The executive chef and managing partner of Merenda, cornerstone of the downtown dining renaissance since it opened in August 2002, said his Japanese fusion-style restaurant will lock its doors after Wednesday night’s New Year’s Eve celebration, a victim of the economic recession.
Jody spilled the beans to me in a private conversation this afternoon. He seemed calm and composed, but perhaps a bit nervous, as we sat at a table on Merenda’s mezzanine level and discussed this turn of events. As we chatted, Jody dry-swallowed a couple of pain pills (“acetominaphen, aspirin and caffeine,” he explained) and fidgeted with the wrapper.
Deep opened to much anticipation and acclaim in June 2007. “I’m quite positive it will resurrect itself down the road,” the chef said, but he hesitated to elaborate. He said some of Deep’s staff, including chef Cliff Eslinger, will transfer to Merenda, which remains open … at least for now.
Patronage at Deep exceeded expectations during the last half of 2007. “Everything was feeling good,” Jody recalled. But then came 2008. Even Merenda, which had seen a continual rise in business every year since opening, was feeling the bite, with each month’s take 20% to 30% down from 2007. After meetings with his bankers, accountants and managers, Denton “adjusted and tweaked,” eliminating half of his salaried management team and running “as lean as can be.”

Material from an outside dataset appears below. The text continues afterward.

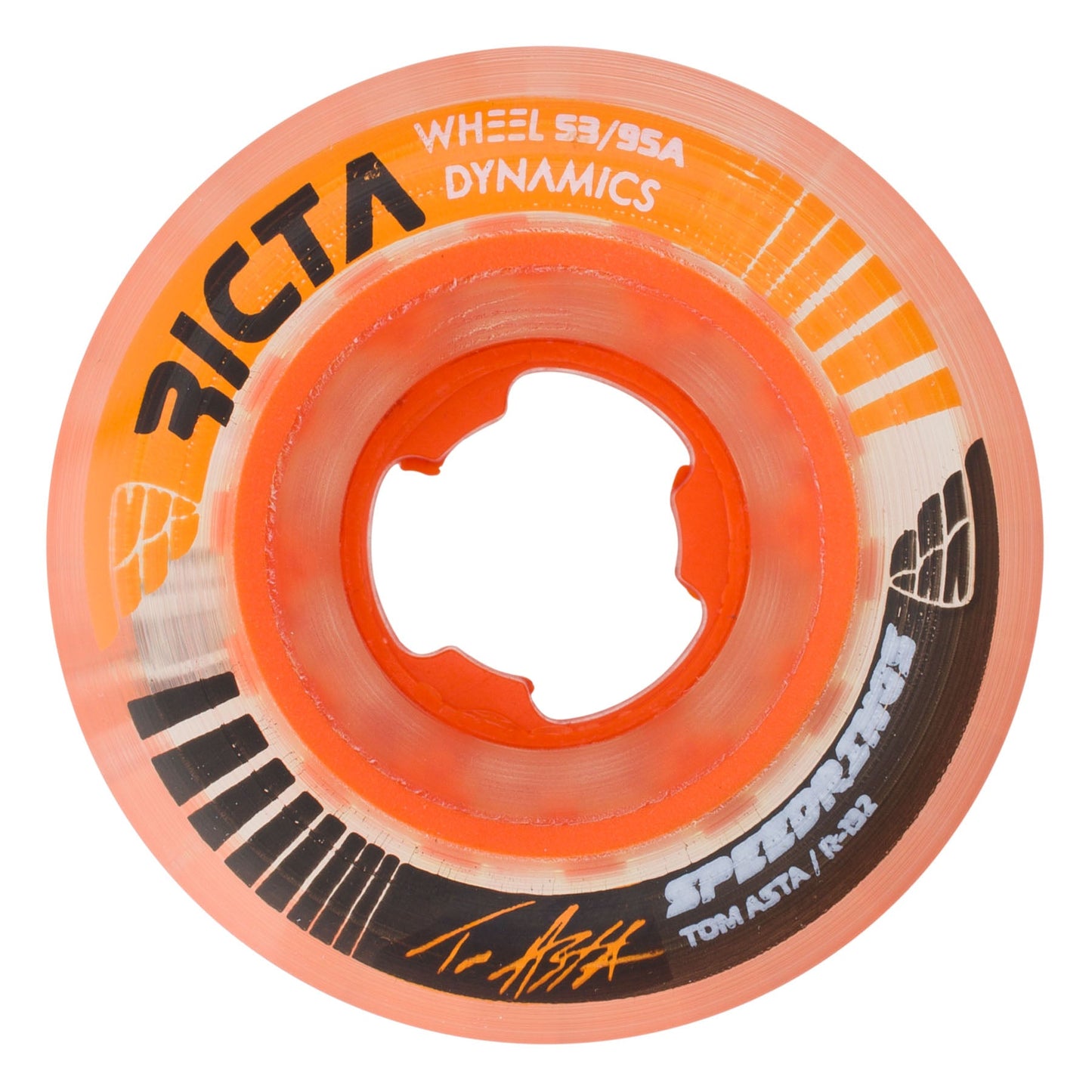 Ricta Wheels 53mm 95a Asta Speedrings Clear Orange Slim Skateboard Wheels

Two months ago, he determined that he would have to recapitalize Deep to carry the restaurant through 2009 into 2010. He presented a plan to his 12-member management team. “At the end of the day, the investor group was very supportive,” he said. “They wanted to make it work. But a couple of key individuals were unable to come to the plate after looking at everything.” By mid-December, it was clear that Deep was doomed.
“Doing business in this town, compared to my previous big-city restaurants, has been tough,” said Jody, a star chef in San Francisco and Dallas before he moved to Bend. “The reason is the seasonal nature of the business here. You make wads of money in three summer months, from the middle of June to the middle of September, but the rest of the year is a mix of months with red ink and black ink. At the end of the year, typically, all the bills get paid and your bottom line is a little bit north of zero.”
I love the sushi at Deep, but there are other places to get good sushi in Bend. Kanpai, on Newport Avenue, stands heads and shoulders above others. No one besides Deep, however, serves sliced Kobe beef that you can grill on a piping-hot river rock at your own table. And I love the dragon rolls and chilled sake cocktails.
Rumors about the impending demise of Merenda and Deep have been circulating throughout Central Oregon for months. Some weeks back, when Denton rolled a U-Haul truck to curbside at Merenda to store furniture as he changed his upstairs carpet, the Bend Downtowners Association and a local television station showed up in shock, thinking he might be pulling a vanishing act. Not true. “The rumors have been going on it seems forever, and they’ve never been true,” Jody said, shaking his head. “Not a single rumor that I ever heard was true, not one time.”
There is more to this story, by the way. But I’m sworn to secrecy until Thursday morning.